» **ABOUT THIS EXERCISE**: Exact copies of the lines below, from the one with "Aerial view of" up to and including the one with "LED uzglavlje tamnosivo", are what this calls for; leave out pictures.

» **RECORDS SHOWN**:
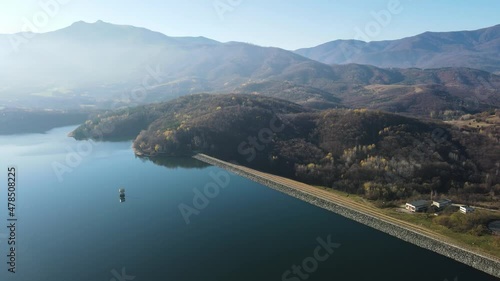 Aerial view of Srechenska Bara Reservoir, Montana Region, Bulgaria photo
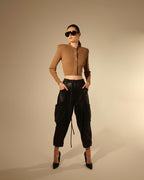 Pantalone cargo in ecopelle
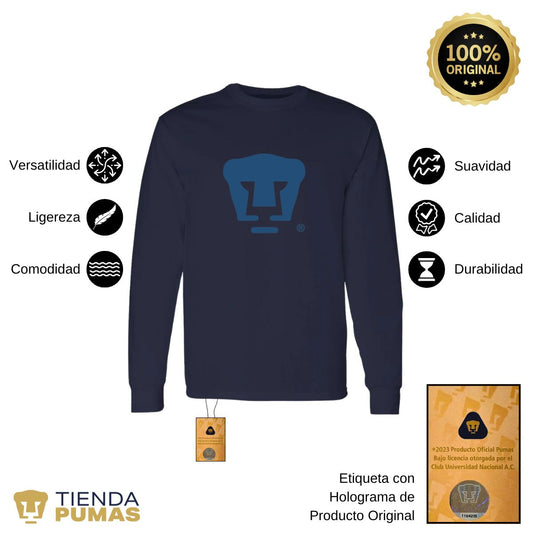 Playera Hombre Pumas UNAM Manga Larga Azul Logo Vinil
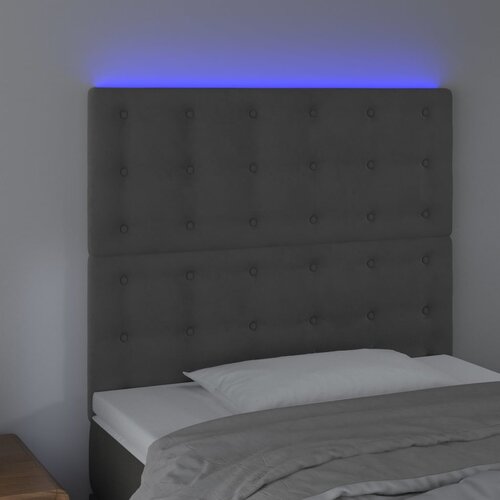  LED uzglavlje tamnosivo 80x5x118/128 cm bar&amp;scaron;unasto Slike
...
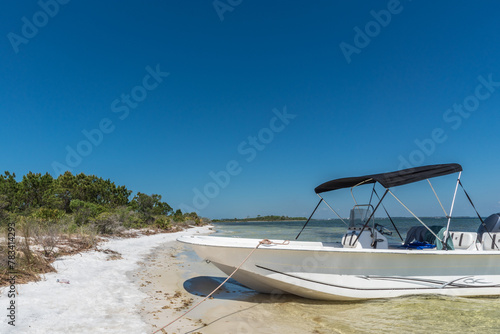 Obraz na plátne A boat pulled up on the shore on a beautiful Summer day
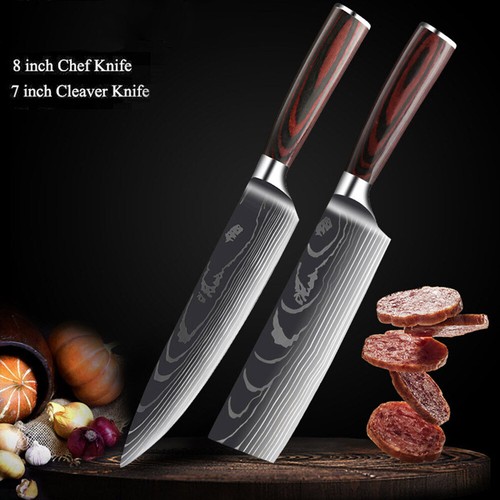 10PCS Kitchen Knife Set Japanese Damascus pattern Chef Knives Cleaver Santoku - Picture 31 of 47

» **EXERCISE ANSWER**:
 Aerial view of Srechenska Bara Reservoir, Montana Region, Bulgaria photo
 Pantalone cargo in ecopelle
 Playera Hombre Pumas UNAM Manga Larga Azul Logo Vinil
  LED uzglavlje tamnosivo 80x5x118/128 cm bar&amp;scaron;unasto Slike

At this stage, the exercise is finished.